§ **Task material**:
□ □ □ □ □

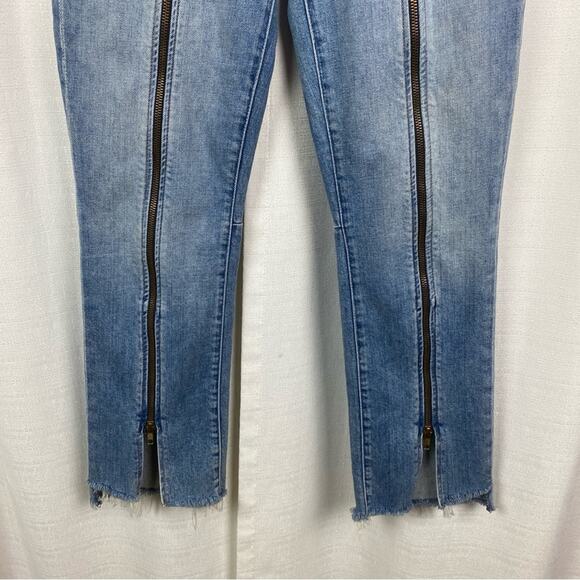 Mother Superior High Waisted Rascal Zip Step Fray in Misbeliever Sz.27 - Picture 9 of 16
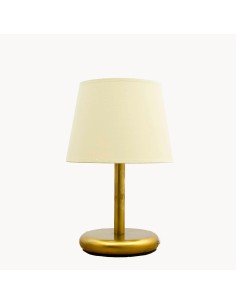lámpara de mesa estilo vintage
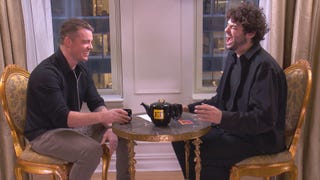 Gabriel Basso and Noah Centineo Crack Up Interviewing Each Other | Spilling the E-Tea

□ □ □ □ □

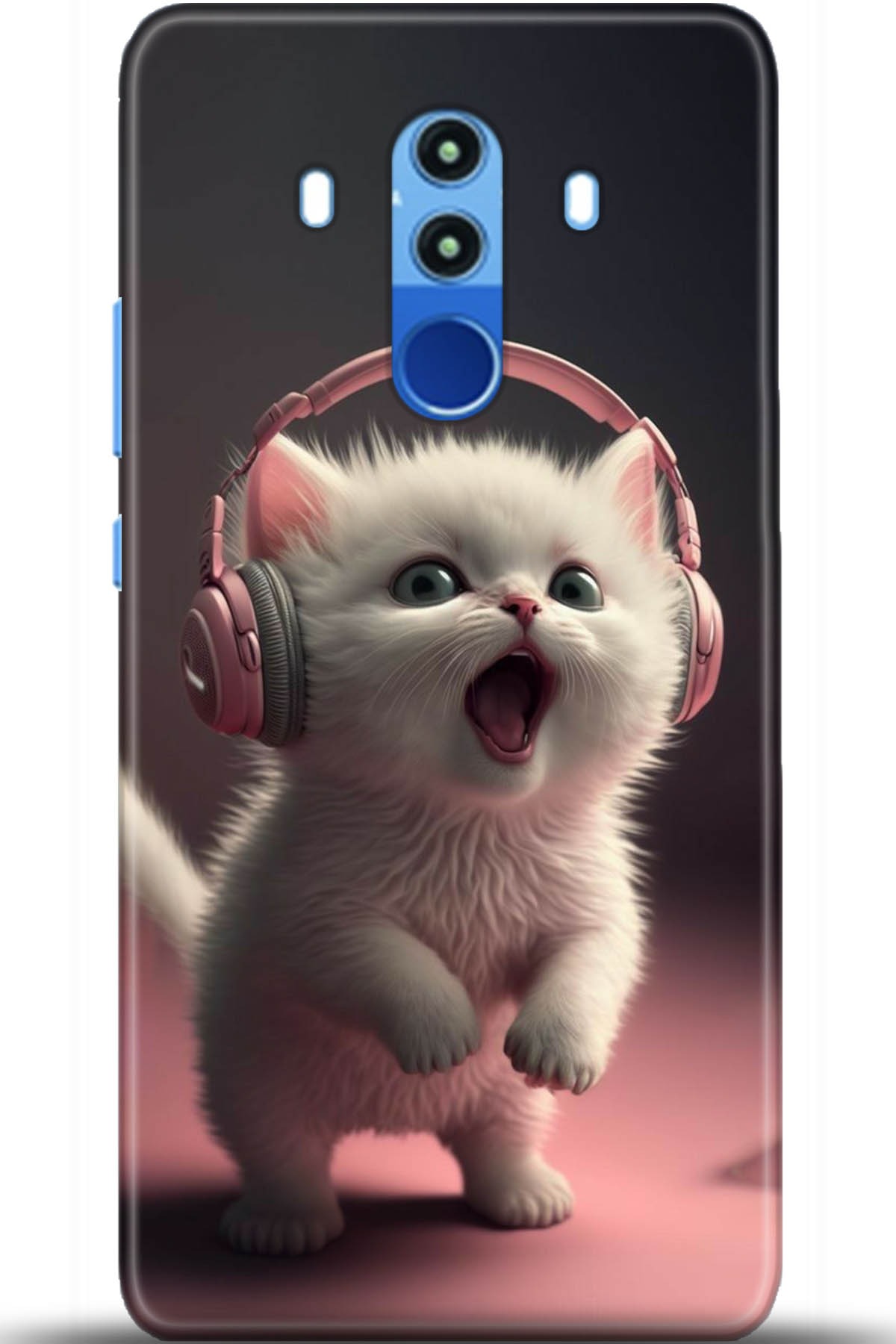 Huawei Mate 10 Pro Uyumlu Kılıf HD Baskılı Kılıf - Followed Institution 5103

□ □ □ □ □

§ **Task item**:
Reproduce the data above exactly, but only from the line containing "lámpara de mesa estilo vintage" through the line containing "Gabriel Basso and"; skip the pictures.

§ **Answer to this exercise**:
lámpara de mesa estilo vintage
 Gabriel Basso and Noah Centineo Crack Up Interviewing Each Other | Spilling the E-Tea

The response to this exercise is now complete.